You may remember “Metalhead,” from Season 4 of Black Mirror, as the black and white episode where murderous robot “dogs” hunt a handful of human survivors. David Slade directed it. In interviews, series co-creator Charlie Brooker revealed a notion for the plot that he ultimately removed: the “dogs” were controlled by humans in another country, in shades of contemporary drone operation. He felt that, perhaps, this twist would’ve been a touch too depressing for a story that was already excessively hopeless and gloomy.
“Metalhead” is among many Black Mirror reference points that “Bandersnatch” salutes smartly. Set in 1984 England, the feature-length episode is a period-luxuriating anachronism that may initially put some viewers in mind of Maniac. A young man named Stefan Butler (Fionn Whitehead) is struggling to adapt a cult choose-your-own-adventure novel written by a controversial figure into a mass-market video game; he brings the project to a company named Tuckersoft, where he befriends video game design legend and Hunter S. Thompson wannabe Colin Ritman (Will Poulter).
Almost immediately, the episode erects some goalposts. There’s an uncomfortably solicitous therapist, a secretive, unctuous father, an early-life family tragedy. Expertly loading each moment with dread and portent, returning “Metalhead” director Slade builds a mystery luridly appropriate to the milieu. To appearances, the twist is that we—the viewers—control many of the choices Stefan makes. To appearances, the further twist is that as the story winds its way down whichever hyper-paranoid alleyways our choices seem to guide it, Stefan begins to realize that his choices aren’t his own.
As “Bandersnatch” begins and the nervous Stefan arrives at Tuckersoft for an interview, “Metl Hedd”—a new game developed by Colin—is on the verge of release. This is significant; remember it as the plot’s wheels begin to turn. Remember it as you try to recall the first time you saw War Games, Nightmares, or The Conversation. Remember it as you savor everything else Brooker and Slade serve up here: the lulling psychedelia of a Tangerine Dream tune, a camera panning away from a video tape of a memory that’s revealed to be film set, a poetic Butterfly Effect ending, graphics dissolving into blankness or coalescing into specificity on a primitive computer screen, an affable, gothic record store clerk, a liberating acid trip that descends into disaster, the myriad monologues about the nature of free will, the arbitrariness of many choices we’re directed to make for poor, doomed Stefan.
Savor all of that—that and the trillion articles and Reddit threads trying to solve or make sense of “Bandersnatch”—and recognize that nothing about the episode itself actually matters in the final reckoning.

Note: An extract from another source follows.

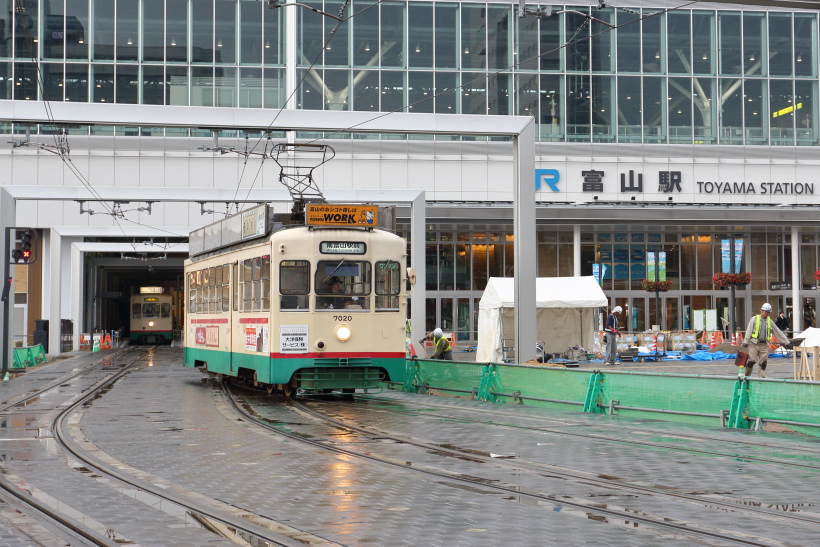 ↑2015年春の北陸新幹線の開業に合わせ、新幹線の高架駅の下に市内電車の富山駅が造られた
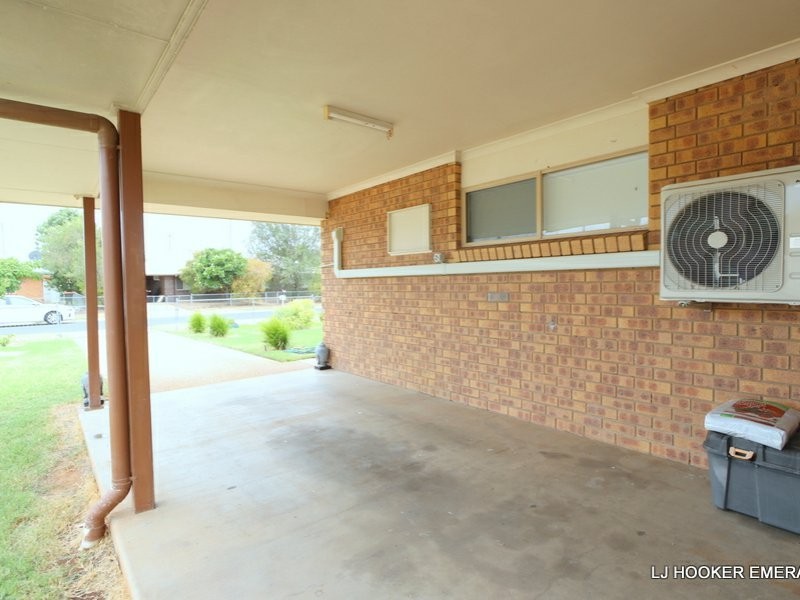 11 Frank Bell Street, Emerald QLD 4720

Fuck, this episode could’ve been set in any era or reality, could’ve been about anything, could’ve been a gloss on The Zero Theorum or Mute or Cloud Atlas or Caddyshack. “Bandersnatch” isn’t really about Stefan Butler’s life, or how disappointed any of us were with Netflix’s interface controls or storytelling quality. “Bandersnatch” is a sneaky, disporiac Black Mirror episode about transforming the Black Mirror audience into Black Mirror characters starring in their own Black Mirror episodes—millions of jittery, interconnectivity-addicted consumers glued to a cheap streaming service in a barely pre-apocalyptic present who force themselves to make tons of minor, nearly split-second decisions about the fate of a hapless character presented in a theatrical past as entertainment. These experience(s)—which can be extensive, depending on your patience—demand that we ask questions about what we want, and who we are. Are we campaigning for a deeper, stranger story? Are we angling for sensationalism, for the worst? Should Stefan kill, or die? It’s certainly provocative, and a minor triumph of interactive modernity that demands examination beyond a Siskel and Ebert-esque thumbs up/thumbs down rating.